**WORK TO COMPLETE:**
In the listing below, the lines from the first through the one with "Black 3D contoured" are to be copied word for word.
[TASK MATERIAL]
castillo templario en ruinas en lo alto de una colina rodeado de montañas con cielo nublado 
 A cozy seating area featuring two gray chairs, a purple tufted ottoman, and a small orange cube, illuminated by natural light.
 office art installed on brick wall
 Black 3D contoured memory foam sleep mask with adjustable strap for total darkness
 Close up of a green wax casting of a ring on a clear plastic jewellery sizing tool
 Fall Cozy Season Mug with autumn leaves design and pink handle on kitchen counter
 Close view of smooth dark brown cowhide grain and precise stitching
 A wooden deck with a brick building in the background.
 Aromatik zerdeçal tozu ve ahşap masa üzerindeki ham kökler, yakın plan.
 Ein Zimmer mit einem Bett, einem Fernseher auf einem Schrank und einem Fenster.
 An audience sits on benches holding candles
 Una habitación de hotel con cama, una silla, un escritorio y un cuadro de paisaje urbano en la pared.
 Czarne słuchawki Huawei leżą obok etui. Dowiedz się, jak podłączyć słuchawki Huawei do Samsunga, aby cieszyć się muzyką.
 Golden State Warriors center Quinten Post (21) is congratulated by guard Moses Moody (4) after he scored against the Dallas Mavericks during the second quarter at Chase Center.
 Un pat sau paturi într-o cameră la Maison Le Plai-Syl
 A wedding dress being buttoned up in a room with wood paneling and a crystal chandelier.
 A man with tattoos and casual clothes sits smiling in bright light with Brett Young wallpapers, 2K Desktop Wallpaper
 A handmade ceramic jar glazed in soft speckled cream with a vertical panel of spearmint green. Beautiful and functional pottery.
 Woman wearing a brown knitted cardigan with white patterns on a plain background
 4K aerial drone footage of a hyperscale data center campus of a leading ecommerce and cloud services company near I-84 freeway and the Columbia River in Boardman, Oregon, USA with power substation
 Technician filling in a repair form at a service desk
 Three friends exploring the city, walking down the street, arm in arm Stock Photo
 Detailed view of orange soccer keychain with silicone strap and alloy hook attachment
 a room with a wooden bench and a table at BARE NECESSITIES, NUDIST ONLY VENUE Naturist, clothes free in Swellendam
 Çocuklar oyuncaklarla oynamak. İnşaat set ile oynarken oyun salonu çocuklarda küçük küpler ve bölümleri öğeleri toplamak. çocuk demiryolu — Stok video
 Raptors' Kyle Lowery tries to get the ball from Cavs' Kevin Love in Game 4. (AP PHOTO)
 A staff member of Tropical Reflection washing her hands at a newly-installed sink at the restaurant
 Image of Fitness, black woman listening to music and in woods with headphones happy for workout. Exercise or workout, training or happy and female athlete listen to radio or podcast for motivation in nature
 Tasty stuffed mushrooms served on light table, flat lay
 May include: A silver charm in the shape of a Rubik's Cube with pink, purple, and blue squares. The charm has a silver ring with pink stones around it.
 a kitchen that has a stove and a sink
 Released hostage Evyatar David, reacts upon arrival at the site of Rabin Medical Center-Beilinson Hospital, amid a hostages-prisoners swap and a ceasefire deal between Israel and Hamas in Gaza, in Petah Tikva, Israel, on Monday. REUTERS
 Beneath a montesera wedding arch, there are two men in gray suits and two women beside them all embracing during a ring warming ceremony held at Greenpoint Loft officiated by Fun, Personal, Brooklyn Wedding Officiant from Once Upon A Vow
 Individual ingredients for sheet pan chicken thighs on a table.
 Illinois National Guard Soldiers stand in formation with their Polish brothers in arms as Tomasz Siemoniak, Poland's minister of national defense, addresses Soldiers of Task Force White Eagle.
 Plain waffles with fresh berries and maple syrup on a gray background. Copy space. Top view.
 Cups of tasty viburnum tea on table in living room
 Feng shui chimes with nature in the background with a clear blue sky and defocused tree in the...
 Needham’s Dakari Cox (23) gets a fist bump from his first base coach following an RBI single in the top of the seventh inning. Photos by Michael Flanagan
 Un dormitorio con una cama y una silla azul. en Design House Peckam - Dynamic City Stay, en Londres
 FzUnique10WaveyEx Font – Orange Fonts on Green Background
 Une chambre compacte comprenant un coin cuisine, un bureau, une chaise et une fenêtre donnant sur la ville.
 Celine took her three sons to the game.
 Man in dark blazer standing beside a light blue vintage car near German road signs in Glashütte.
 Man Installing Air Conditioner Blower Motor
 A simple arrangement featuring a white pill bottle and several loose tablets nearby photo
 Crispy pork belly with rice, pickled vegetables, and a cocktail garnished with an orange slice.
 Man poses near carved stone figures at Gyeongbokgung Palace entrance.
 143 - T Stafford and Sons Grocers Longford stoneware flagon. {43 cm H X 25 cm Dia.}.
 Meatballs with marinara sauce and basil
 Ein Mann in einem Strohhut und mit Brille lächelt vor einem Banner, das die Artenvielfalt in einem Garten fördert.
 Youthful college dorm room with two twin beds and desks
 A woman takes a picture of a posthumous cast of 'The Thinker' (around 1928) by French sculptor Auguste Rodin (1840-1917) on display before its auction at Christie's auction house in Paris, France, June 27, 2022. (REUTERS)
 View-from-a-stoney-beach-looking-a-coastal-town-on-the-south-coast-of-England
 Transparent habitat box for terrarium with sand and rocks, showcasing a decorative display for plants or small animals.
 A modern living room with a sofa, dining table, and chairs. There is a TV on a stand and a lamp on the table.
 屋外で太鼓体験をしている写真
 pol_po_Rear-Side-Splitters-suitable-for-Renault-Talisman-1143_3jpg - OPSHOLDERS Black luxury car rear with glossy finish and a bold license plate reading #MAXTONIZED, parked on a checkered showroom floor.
[/TASK MATERIAL]
**EXPECTED ANSWER:**
castillo templario en ruinas en lo alto de una colina rodeado de montañas con cielo nublado 
 A cozy seating area featuring two gray chairs, a purple tufted ottoman, and a small orange cube, illuminated by natural light.
 office art installed on brick wall
 Black 3D contoured memory foam sleep mask with adjustable strap for total darkness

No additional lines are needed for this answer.